Mid-Week Macro

April 28, 2022

Retest it is...

Markets tend to move faster when they are angry, it is just how it works? After losing the flags (which also played right shoulders on TV) a retest is now upon us in less than a week. Sentiment has taken another dive with the markets and both price and rhetoric are getting closer to washed out for now. We should see a bounce stick for more than an hour here soon, but there is still the cascade risk if we lose the previous low zone before the end of the week.  Both are on the table and leave the markets stress level high. Even if we do bounce, it needs a strong showing from buyers to generate any more than a day or few in this environment. Burden of proof lies squarely on the buyers shoulders here.

Triple Play

$SPY is the only one that hasn’t closed at new lows so far.  It isn’t far at all, so I would expect a probe of that area at a minimum. $IWM $QQQ already closed at new lows as of yesterday with Inverted hammers to keep the speculation high. All three are in RSI bear ranges and below the falling MA bands after the rout the last few days. CFG is oversold and also gives a setup for a bounce. Problem is neither CFG nor RSI are at extremes enough to put a lot of weight behind a reversal prediction. That can also be seen as a glimmer of good news. We are seeing the potential for larger divergences IF (can’t make that if any bigger) once of these reversal attempts can stick soon, Maybe even today?  We don’t know, but as we will see below, things are sufficiently oversold to see a solid reversal anytime we see those buyers decide to show back up. And by “buyers” I mean institutional players. Until they leave a footprint, it’s all just noise.

Intermarket View

Commodities remain on top, but have been seeing a lot more volatility both ways.  Energy still carrying a lot of the weight here while metals struggle more. Equities and Bonds are still sharing the bottom of the list and losing back any headway they made. There is nothing easy out there right here on a macro perspective. Some historic moves that will likely be tested, but not seeing a lot of that just yet.

Universe Breadth

  • Overall Breadth took another big hit on this market drop
  • NHNL 30day hanging on to positive by a thread, a break would complete another major sell signal.
  • The cumulative advance decline line made a new low for the move, getting slightly ahead of price here
  • The percent of stocks above their 20, 50, and 200 day moving averages are all is a rough spot, but flattened yesterday with the index slightly down
  • Breadth Thrust low is down in the 30s, it can go lower, but doesn’t that often. It is also notable that it has crooked up here well above the January lows in the indicator with price at the same levels.
  • The McClellan Oscillator is oversold, but plenty of room further if things stay ugly.

Short-Term Breadth

Short-term breadth measures actually improved yesterday over the almost all red list  from Tuesday’s close. No bright spots per say, but Consumer Staples and Energy remain the best of the worst right here. Utilities looking the worst of all as it pulls back to backtest its big breakout. A hold or fold here could be telling for defensives over the near term as well. 

Sector Relative Strength

Not too much to say here, the week long selling has taken its toll on all sectors here as the selling has not just been in Tech. The intensity is also a sign of how bad sentiment is in real world action versus a survey. 

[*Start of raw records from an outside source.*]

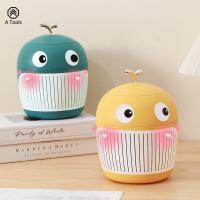 ราคา ATถังขยะพลาสติก ถังขยะตั้งโต๊ะ ที่ใส่ขยะขนาดเล็ก ถังขยะพลาสติกตั้งโต๊ะ ถังขยะ ถังขยะมินิมอล แบบพกพา ถังขยะสำนักงาน กล่องอเนกประสงค์ ตะกร้าขยะสำนักงานขนาดเล็ก ถังขยะในรถ ถังขยะเล็กน่ารัก ให้โต๊ะไม่รก (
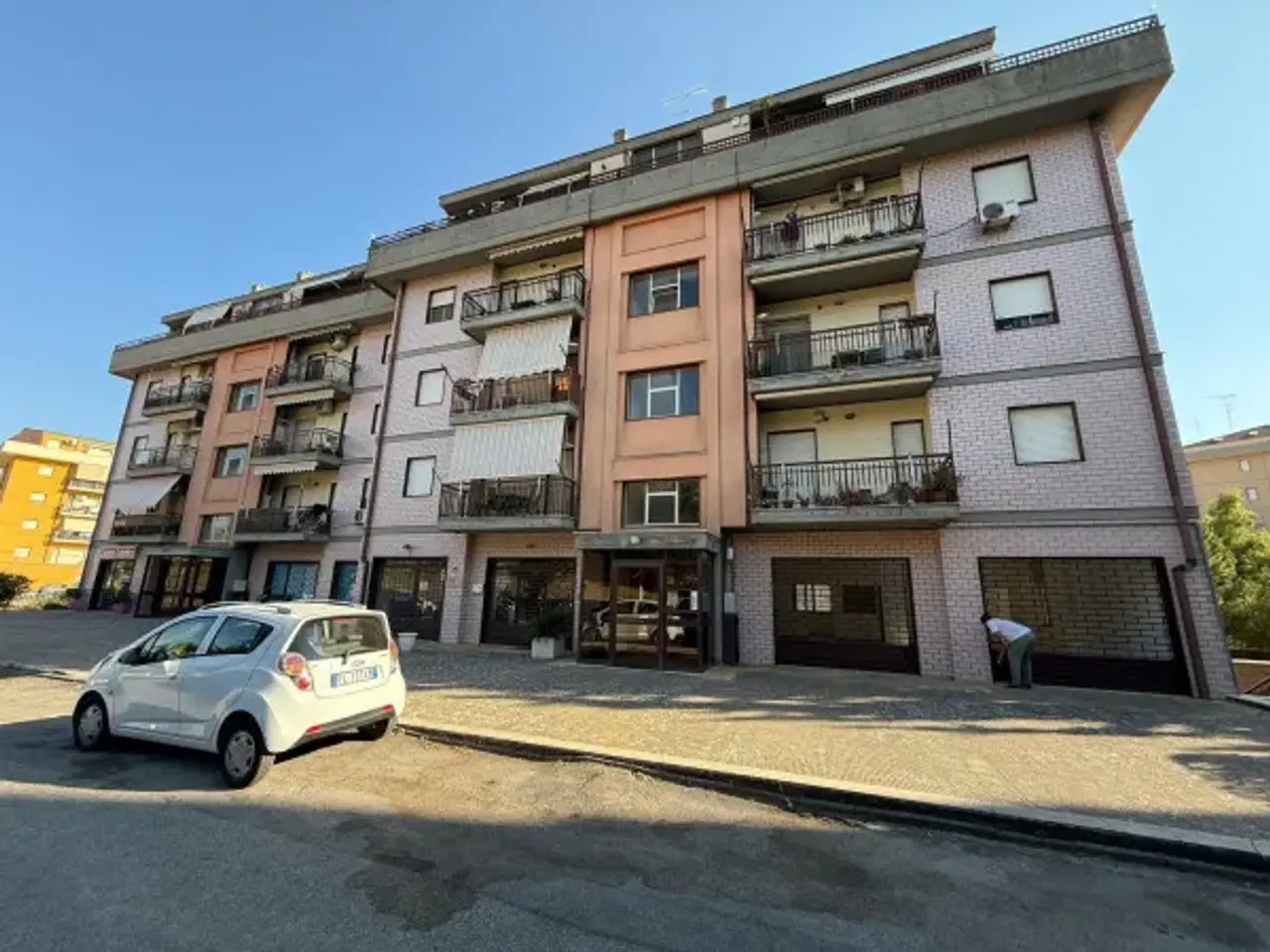 Negozio in Via Piersanti Mattarella 25, Caltanissetta, {3} - Foto 1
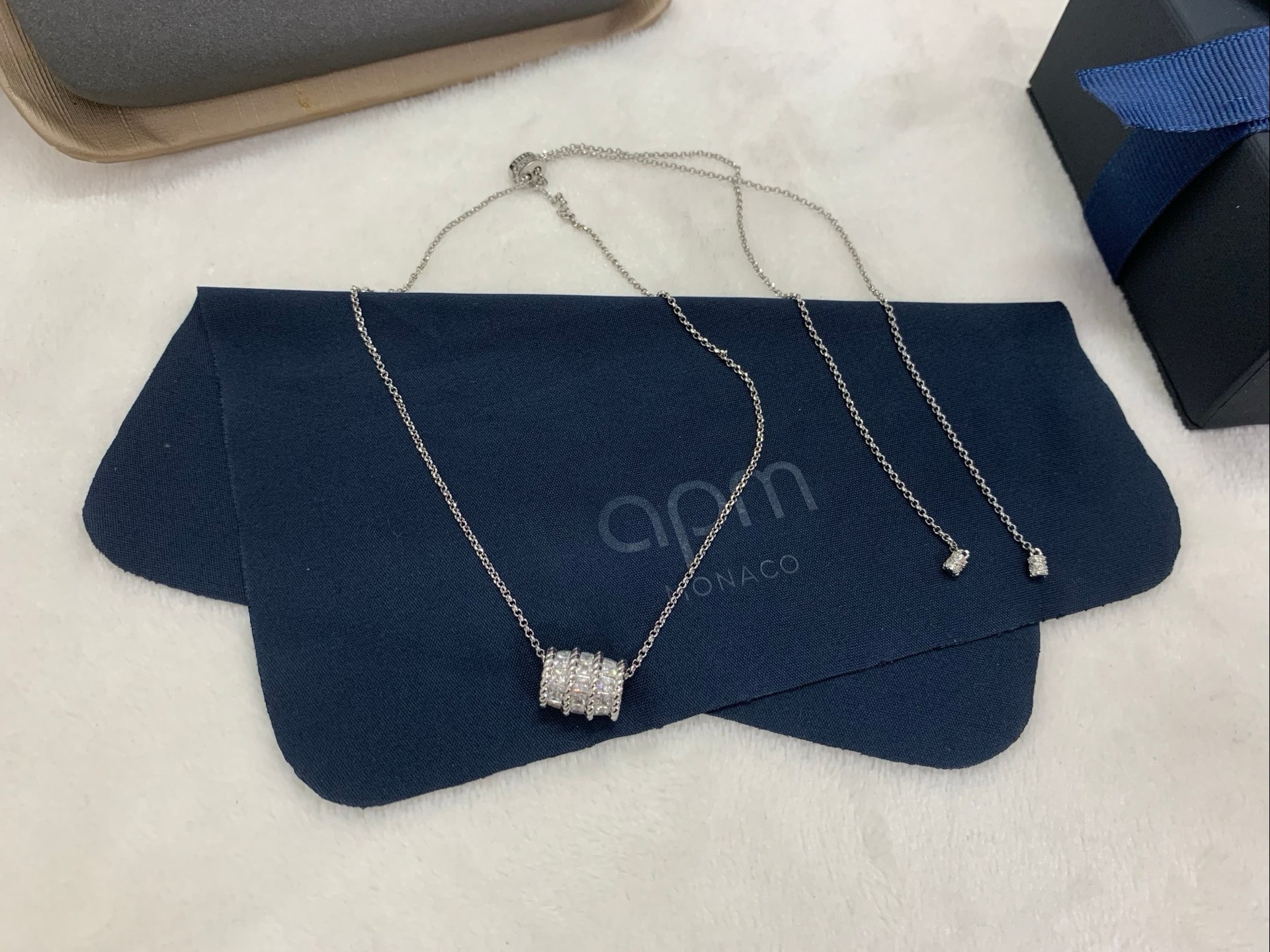 APm Monaco银白色Torsade可调节项链扭纹个性不规则。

Although every subsector is down over the last week, I thought it would be worth looking at the top 10 RS gainers and losers.  This doesn’t mean gainers are a buy and losers are a sell, just telling us what might be changing character in recent action, whether that be for the good or bad.


$VIX staying elevated is another concern that is worth paying attention to. However, we have a couple of things to note here. First is the lower high we have seen so far with markets right back down at the lows. There is still time for it to make a higher high if we do see price cascade down from here. As of now, a peak would create a lower high and a close back inside the upper BB after being out on Tuesday, a pretty reliable short-term bottom signal in the past when triggered. We will be watching to day to see if it can stay down and close this candle back inside.

Wrap Up

Markets are not is a good spot with lots of sellers, even more rhetoric and sitting on the previous lows that has been touched a few times. This is definitely a recipe for concern and should be respected. But we are getting to short-term washout levels that normally attract some buyers. How many and where will they put their money to work is most important for us to watch for at this juncture. You don’t have to jump in at the first sign of any buyers, but working on keeping an idea of flow and relative strength will help fill out your watch list quickly when the time comes.